C’est un capi­tal labile, décli­nant et non-trans­mis­sible. Mais il y a une grande varié­té de tra­jec­toires. Tout dépend de la manière dont les indi­vi­dus conti­nuent d’entreprendre leurs corps. Certains vont mai­grir, mais gar­der une hygiène de vie et un capi­tal mus­cu­laire plus éle­vé que la moyenne à leur âge. D’autres vont tout arrê­ter et seront très maigres par rap­port à la période où ils s’entrainaient. D’autres enfin arrêtent l’entraînement mais conti­nuent de consom­mer des pro­téines et deviennent obèses. C’est inté­res­sant d’observer les anciens body­buil­deurs pro­fes­sion­nels pour s’en rendre compte. Si on prend l’ancien Mister Olympia, Ronnie Coleman, il a tou­jours un capi­tal mus­cu­laire très impor­tant mais ses arti­cu­la­tions sont fou­tues et il se déplace en déam­bu­la­teur. Il y a une grande diver­si­té des retraites, sou­vent liées à ce qui se pas­sait dans la car­rière. S’il y a une part d’incertitude dans la car­rière spor­tive, il y a aus­si, mal­gré tout, une pos­si­bi­li­té de contrôle. Souvent, ceux qui ont réus­si à gar­der une forme de maî­trise au cours de leur car­rière vont aus­si mieux gérer leur retraite.

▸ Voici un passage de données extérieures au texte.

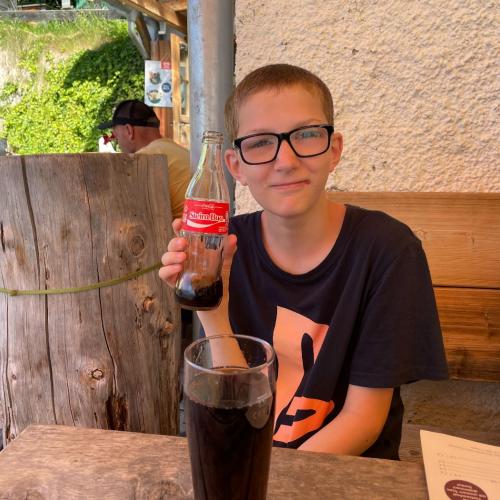 Schüler mit einem Erfrischungsgetränk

La com­pé­ti­tion rythme cer­tains sports via des affron­te­ments et incite à l’efficacité, quand le cultu­risme, la mus­cu­la­tion, le fit­ness décalent ce rap­port à la per­for­mance vers une com­pé­ti­tion avec soi-même. La com­pé­ti­tion s’immisce désor­mais là où elle était aupa­ra­vant réser­vée à quelques body­buil­deurs pro­fes­sion­nels.

Ce genre de sport confirme l’idée de l’importance de ce qu’on affiche. Dans le cultu­risme, on cultive la forme du muscle et du corps plu­tôt que la fonc­tion. Pour un même volume mus­cu­laire on n’aura pas les mêmes appré­cia­tions entre un rug­by­man et un body­buil­deur. Par ailleurs, il y a un rap­pro­che­ment à faire avec les sports extrêmes autour du dépas­se­ment des limites. Le body­buil­ding a vrai­ment popu­la­ri­sé cette façon de s’engager dans la pra­tique, parce qu’il s’est construit dans le but d’accumuler le plus pos­sible de masse mus­cu­laire. S’il n’y a pas de limite. On peut tou­jours faire mieux, on est sou­vent insa­tis­fait et on se com­pare aux autres, ce qui intro­duit de la com­pé­ti­tion là où il n’y en avait pas. Et on trouve même dans des formes plus col­lec­tives et ludiques comme le cross-fit des tableaux de per­for­mance : work-out of the day, the best of the day… On ren­voie les indi­vi­dus à une forme de com­pa­rai­son, il y en a qui s’en sortent mieux que d’autres. La hié­rar­chie est deve­nue cen­trale. Même dans le loi­sir, fina­le­ment, il n’y a pas de repos.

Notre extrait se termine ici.